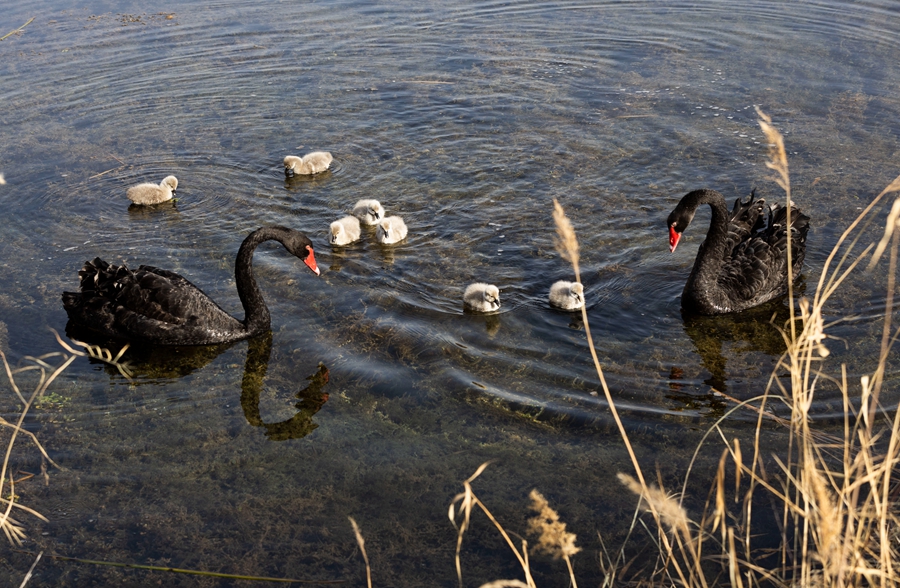 張掖國家濕地公園新添7隻黑天鵝萌寶。劉符軍攝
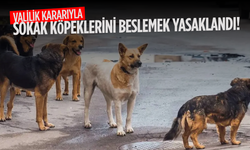 İstanbul Valiliği tarafından yayımlanan genelgeyle İstanbul'da sokak köpeklerini beslemek yasaklandı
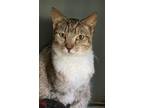 Adopt Ophelia a Domestic Shorthair / Mixed cat in Calverton, NY (38007699)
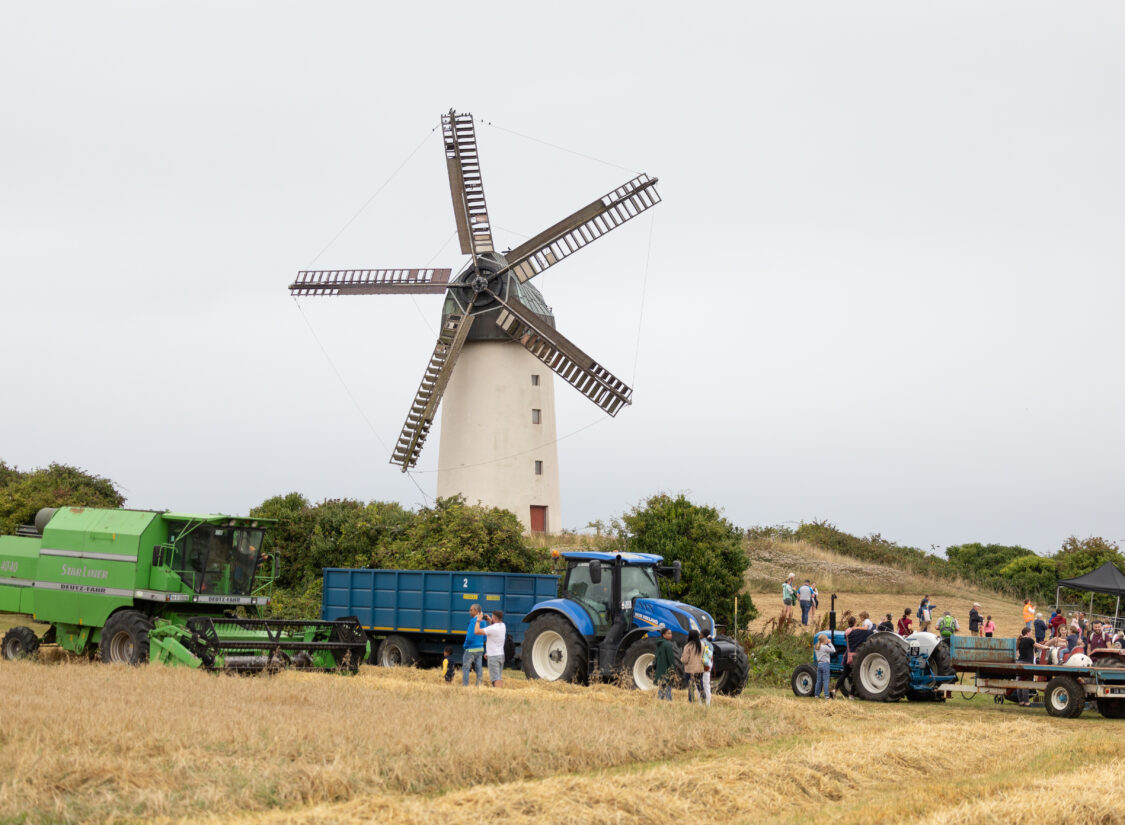 SkerriesFarmersMarketHarvestFestival 2025-79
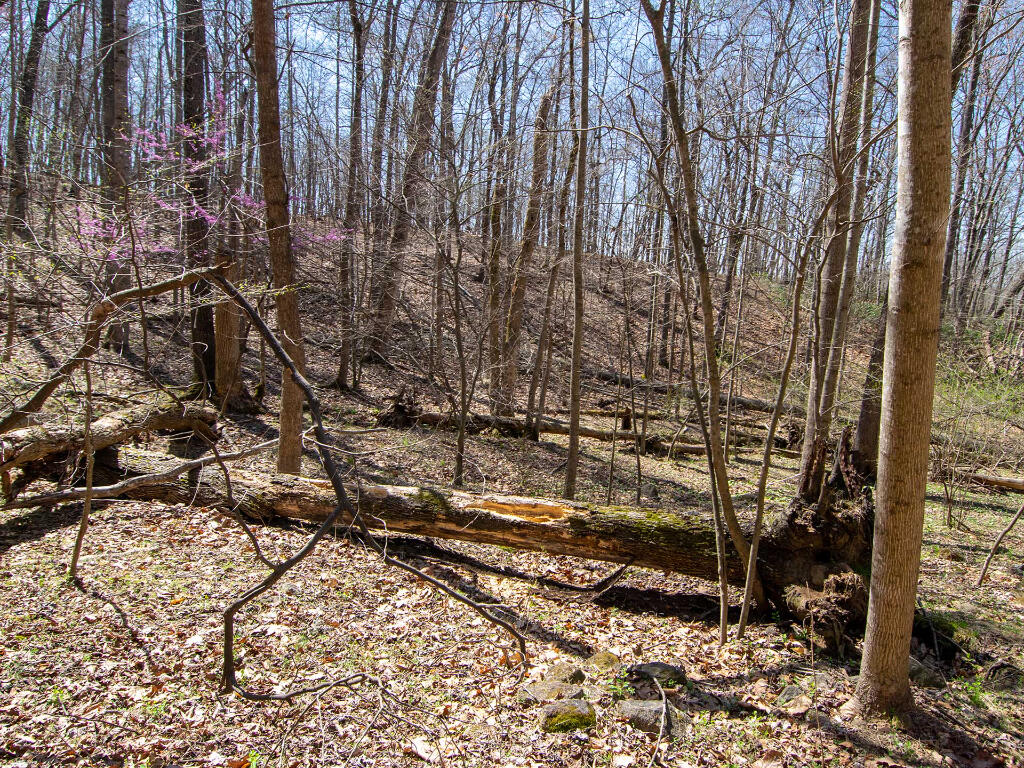 Lot 9 Oak Dr, Moneta, Virginia image 17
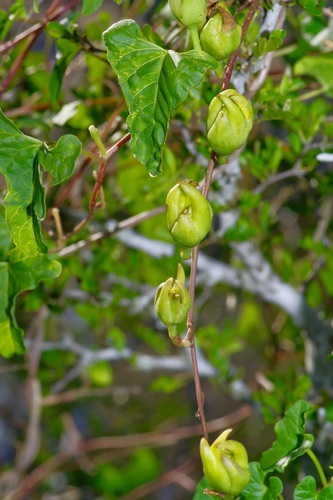 Image of Ipomoea rupicola by (c) Michelle W. （鍾偉瑋）, some rights reserved (CC BY)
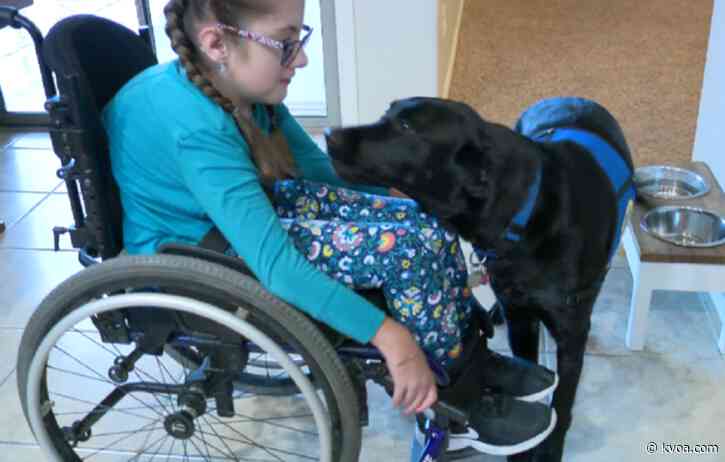 Assistance dog helps Vail girl battling rare condition become more independent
------------------------------
→ **WHAT THE TASK ASKS**
Set down the line containing "İstanbul Valiliği tarafından" and every line after it up to the end of the material, exactly as written, but not the pictures.

→ **ANSWER**
 İstanbul Valiliği tarafından yayımlanan genelgeyle İstanbul'da sokak köpeklerini beslemek yasaklandı
 Adopt Ophelia a Domestic Shorthair / Mixed cat in Calverton, NY (38007699)
 SkerriesFarmersMarketHarvestFestival 2025-79
 Lot 9 Oak Dr, Moneta, Virginia image 17
 Image of Ipomoea rupicola by (c) Michelle W. （鍾偉瑋）, some rights reserved (CC BY)
 Assistance dog helps Vail girl battling rare condition become more independent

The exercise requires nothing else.